(Adoraria ter capacidade e engenho para a construção de um registo alargado de observações do quotidiano, de caráter simbólico e sobre as quais pudesse elaborar uma teoria das manifestações simbólicas de como país, região ou outro qualquer território nos encaramos e vamos levando a vida como coletivo. Como não tenho essa capacidade, devo limitar-me a alguns fogachos ou exemplos desse simbolismo do quotidiano que nos cerca. O universo de evidências possíveis é vasto e diversificado. São pessoas que nos marcam em deambulações “flaneurianas pela cidade”, são registos de criatividade popular assinalada no espaço público, muitas vezes destruindo ou degradando a apresentação desse espaço público. São evidências do quotidiano caseiro das pessoas, como o são por exemplo os sacos de plásticos que secam numa varanda ou quintal, em antecipação do que hoje designamos de economia circular. É o modo desorganizado como as “nossas” obras marcam o espaço público, dando-nos cabo da cabeça e exasperando-nos em matéria de mobilidade. Como se percebe o universo possível é muito desafiante e daí a minha manifestação de incapacidade para o retratar com a ambição e minúcia que desejaria alcançar. Num registo modesto e, sabe-se lá se iniciando uma nova família de posts neste blogue, fico-me hoje por uma evidência que marca crescentemente a atmosfera e a fisionomia das Cidades – as lojas e as suas montras.
Entre os critérios que mais utilizo para operacionalizar a perspetiva de visitante acidental de uma cidade está a perceção do estado da arte das suas lojas comerciais. Regra geral e sobretudo nas cidades em que está presente alguma transição para a modernidade, encontro sempre matéria para estabelecer confrontos entre a visão mais tradicional e arreigada (caso, por exemplo, das lojas de santinhos em cidades como Braga) e o despertar do emergente, que transparece de uma loja sofisticada do tipo “delicatessen”, de uma livraria mais ousada, de uma loja de artesanato mais criativo ou de moda mais alternativa. Como todos os riscos que devemos associar à lógica do visitante acidental que outros designam (o que me encanta) de abordagem “flâneur”, tenho normalmente resultados sempre positivos com essa análise das manifestações do comércio na cidade que visito por lazer ou em trabalho. Consigo regra geral compreender a tensão da transição em que a cidade se encontra, olhando também para a densidade de lojas encerradas ou abandonadas, à espera de uma utilização alternativa.
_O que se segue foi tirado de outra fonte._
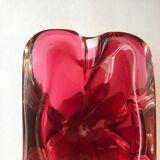 Murano pink lined glass ashtray, 1960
Há dias, quando calcorreava a cidade bastante cedo para fazer horas e parei uns minutos num Guarani quase vazio (decididamente o biorritmo mais intenso da Cidade não é já claramente o meu), anotando algumas reflexões para um blogue futuro, veio-me à pena uma dessas manifestações urbanas que mais me tem intrigado.
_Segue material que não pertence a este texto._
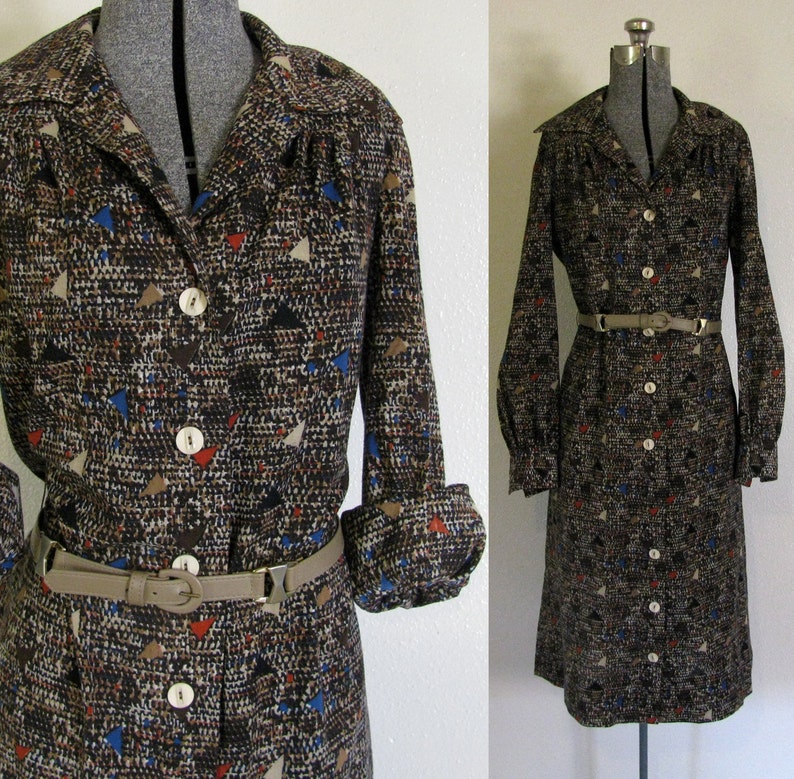 ON HOLD Vintage LENORA Shirt Dress / 1970s Dress image 1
Não há praticamente loja que não ostente na sua montra mais exposta ao exterior a placa “montra em remodelação”.
Tenho dado voltas ao miolo para tentar compreender porque é que a esmagadora maioria das montras que vale a pena ver ostentam esta marca de prudência ou precaução. O que é que ela significa? Uma perspetiva defensiva – afinal uma coisa que está em permanente remodelação não pode ser acusada de desleixo ou de falta de atenção para com olheiros do quotidiano? Alguma mensagem misteriosa do foro comercial?
Confesso que não encontro razão plausível. Por isso, começo a interpretar o facto como algo de simbólico da nossa inconfundível maneira de estar nas coisas. Insegurança estrutural? Tentativa de deixar transparecer uma ideia de mudança permanente para nada mudar? Simplesmente um estratagema comercial ditado por algum marketer que gera tendências?
Sem explicação plausível, decidi inaugurar o meu conjunto de evidências do quotidiano urbano com valor simbólico e este, estou seguro, não lhe falta esse valor simbólico.